Argument Type Description
numBuckets Literal The number of buckets to distribute data into (must be a literal integer value)
child Expression The expression whose value will be hashed to determine bucket assignment

Return Type

IntegerType - Returns an integer value representing the bucket number (0 to numBuckets-1).

Supported Data Types

The child expression can be of any data type that supports hashing, including:

  • Numeric types (IntegerType, LongType, DoubleType, etc.)
  • String types (StringType, VarcharType, CharType)
  • Binary types
  • Date and timestamp types
  • Complex types (arrays, structs, maps)

Algorithm

The bucket assignment is computed using the following process:

  • Extract the value from the child expression
  • Compute a hash code of the value using Spark's internal hash functions
  • Apply modulo operation with numBuckets to determine final bucket
  • Handle negative hash values to ensure non-negative bucket numbers
  • Return the bucket number as an integer

Partitioning Behavior

This expression is specifically designed for partitioning behavior:

  • Creates hash-based partitioning with a fixed number of partitions
  • Ensures uniform distribution of data across buckets (assuming good hash distribution)
  • Enables co-location of rows with the same bucket value
  • Does not require shuffle when used as a partition transform in v2 data sources
  • Preserves bucketing for join optimizations when matching bucket schemes are used

Edge Cases

  • Null values: Null inputs are hashed consistently, typically assigned to bucket 0
  • numBuckets must be positive: Zero or negative bucket counts will cause errors
  • numBuckets validation: The constructor validates that numBuckets is a proper Literal through expressionToNumBuckets
  • Hash collision handling: Multiple different values may map to the same bucket (expected behavior)
  • Large numBuckets values: Very large bucket counts may create many empty buckets

Code Generation

This expression extends PartitionTransformExpression and supports Catalyst code generation for optimal performance in the Tungsten execution engine.
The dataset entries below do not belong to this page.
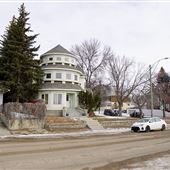 CPR Neighborhood - Moose Jaw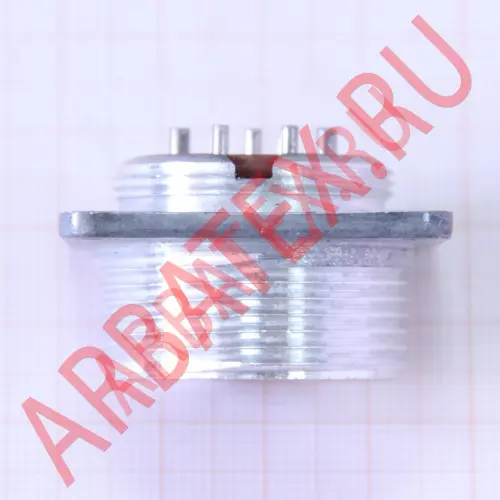 2РМТ27Б7Г2В1В розетка Разъемы 2РМ, 2РМТ, 2РМГ, 2РМДТ, ОНЦ-РГ фото фото 4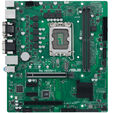 ASUS PRO H610M-C-CSM, Intel H610 Mainboard, Sockel 1700, DDR5 image number null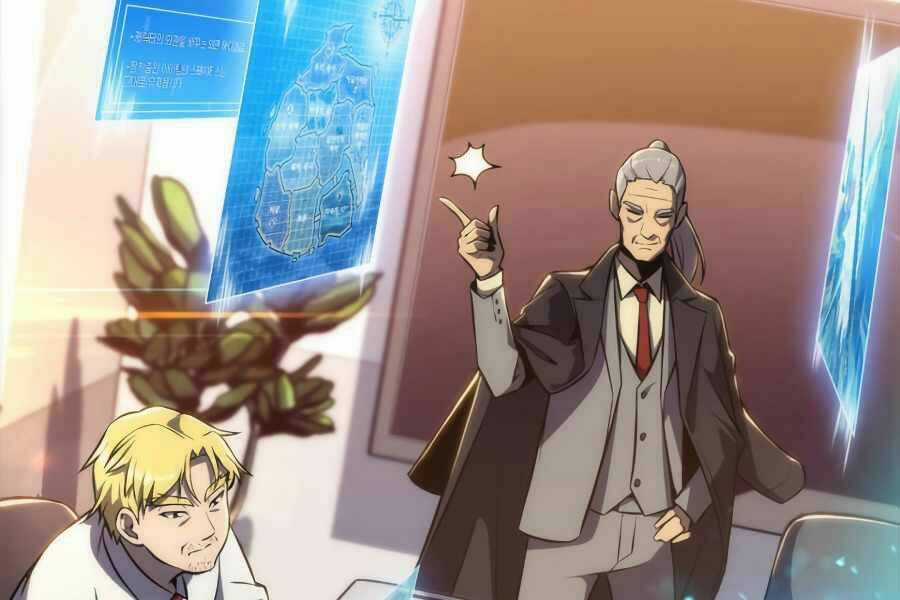 Kẻ Thách Đấu - Chapter 9 - Trang 209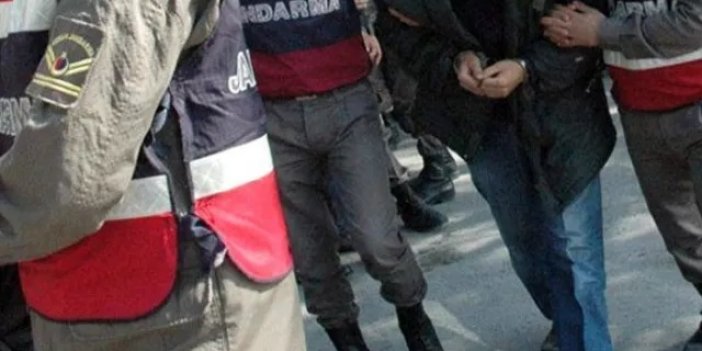 Manisa ve İzmir'de suç örgütüne operasyon: 38 gözaltı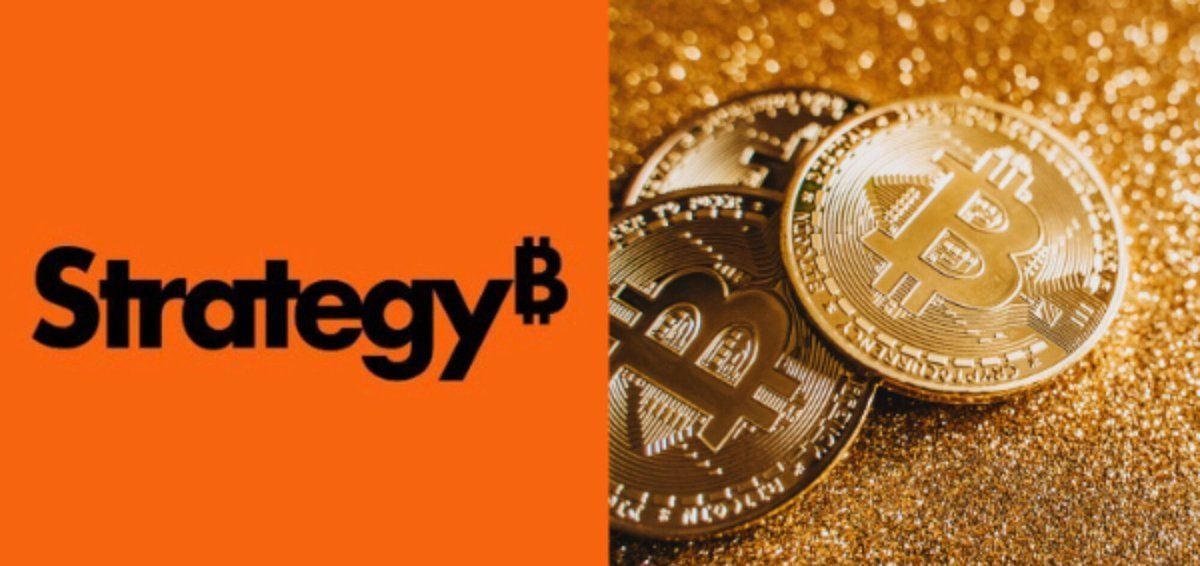 Strategy Says Bank Bitcoin Adoption Reaches 32% Milestone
The hash computation and modulo operations are generated as efficient Java bytecode.

Examples

-- Bucket customer data into 16 buckets based on customer_id
SELECT *, BUCKET(16, customer_id) as bucket_num 
FROM customers;

-- Use in table partitioning (DDL context)
CREATE TABLE bucketed_sales 
USING DELTA
PARTITIONED BY (BUCKET(10, customer_id))
AS SELECT * FROM sales;
// DataFrame API usage for bucketing
import org.apache.spark.sql.catalyst.expressions.{Bucket, Literal}
import org.apache.spark.sql.functions.col

val bucketExpr = Bucket(Literal(8), col("user_id").expr)
df.select(col("*"), Column(bucketExpr).alias("bucket"))

// Usage in partitioning scheme
val partitionTransforms = Array(BucketTransform(LiteralValue(16, IntegerType), "product_id"))

See Also

  • PartitionTransformExpression - Base class for partition transforms
  • Hash expressions - Underlying hash computation methods
  • Murmur3Hash - Hash function used internally for bucket computation
  • Dataset partitioning and bucketing operations